Tuesday, 26 November 2013

Where's all the love gone?

I was horrified this morning to hear this news story:

“Shocking" sexual violence is being carried out by children against other children as young as 11, according to an official report.

The Office of the Children's Commissioner for England said the perpetrators could be 12 or 13, and rape is seen as "normal and inevitable" in some areas, especially among gangs.”

http://www.bbc.co.uk/news/uk-25090896

The news report itself is shocking enough but on TV and radio actors read some of the transcripts from some of the young people interviewed. And those comments are seriously concerning. One in particular horrified me. It was from a teenage boy saying about how he had taken part in a gang rape of a teenage girl. And from the transcript he seemed to think “the girl was asking for it” as she’d already had sex with a number of other boys and so he'd not done anything wrong. Though he added “I suppose you could call it rape”!
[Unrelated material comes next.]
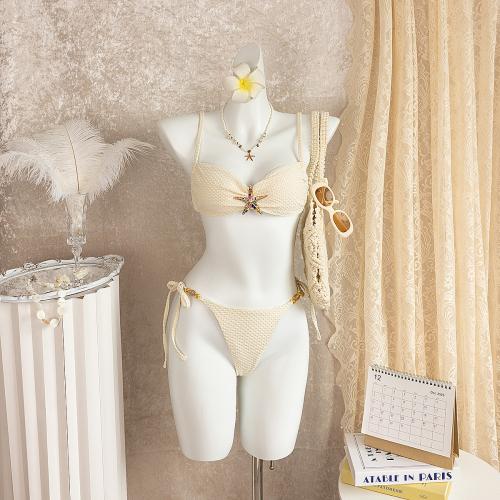 Polyester Bikini backless & two piece Apricot Set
According to the news reports I heard, one of the reasons the researchers found for this abuse is the widespread use of on line pornography by the boys carrying out the abuse. (I think we can assume we’re not talking Page 3 pin ups here.) Consequently young boys’ sexual relationships are solely that – relationships based solely on sex. And abusive sex at that. If indeed you could call it relationships.

So although this is shocking, to me it wasn’t surprising. In part because of a conversation I’d had just last week with a secondary school teacher. The teacher shared with me a situation with a student at school. The girl confided in her form tutor how she’d “been made to do things she didn’t like doing” by a boy. I will spare you the details but it would have been worthy of the report.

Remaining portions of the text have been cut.